Task statement - In the records below, find the line holding "Baleriny Model Nestavia ASA222-1 Beige" and the line holding "VOLKSWAGEN - SAVEIRO". Set down both, with every line between them, exactly.

Task inputs -
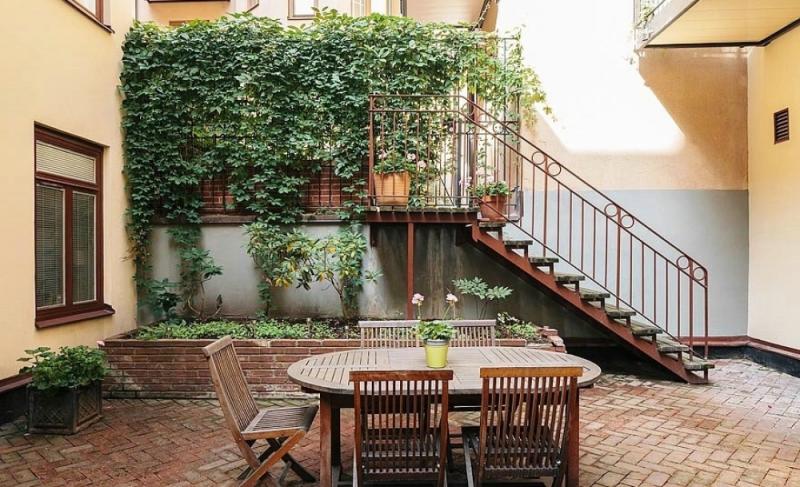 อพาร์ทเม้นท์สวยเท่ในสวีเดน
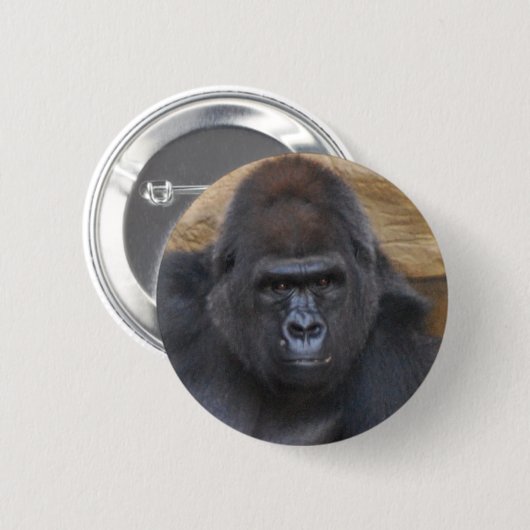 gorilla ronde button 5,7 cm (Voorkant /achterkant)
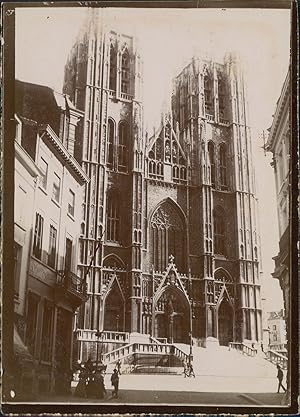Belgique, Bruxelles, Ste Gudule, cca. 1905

==

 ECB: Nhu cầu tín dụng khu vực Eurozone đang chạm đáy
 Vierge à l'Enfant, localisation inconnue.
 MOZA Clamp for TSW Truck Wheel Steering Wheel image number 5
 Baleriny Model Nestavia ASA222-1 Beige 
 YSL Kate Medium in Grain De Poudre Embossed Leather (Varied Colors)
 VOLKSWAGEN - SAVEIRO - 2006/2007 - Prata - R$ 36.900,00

---

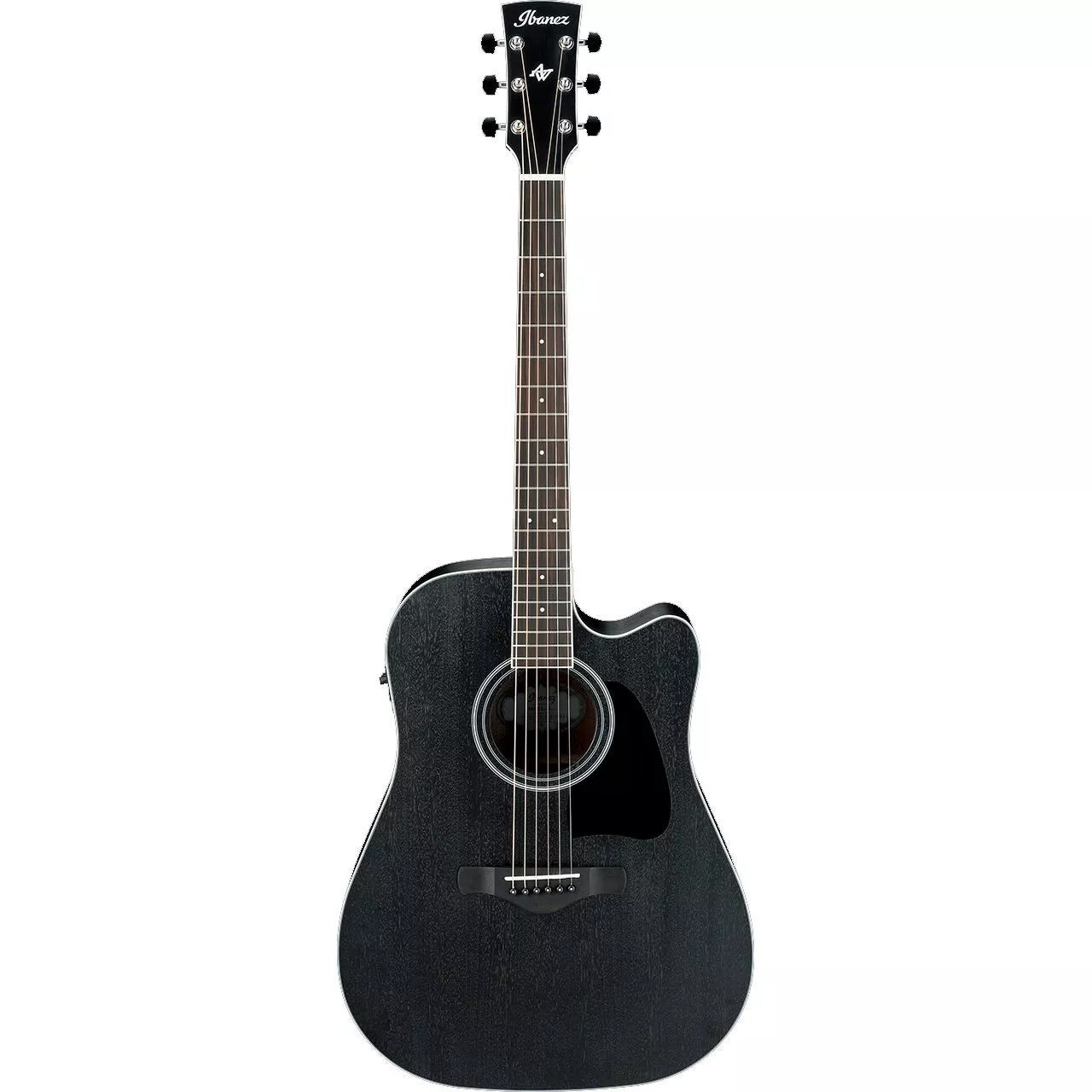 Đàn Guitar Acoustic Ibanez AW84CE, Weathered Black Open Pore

Written response -
 Baleriny Model Nestavia ASA222-1 Beige 
 YSL Kate Medium in Grain De Poudre Embossed Leather (Varied Colors)
 VOLKSWAGEN - SAVEIRO - 2006/2007 - Prata - R$ 36.900,00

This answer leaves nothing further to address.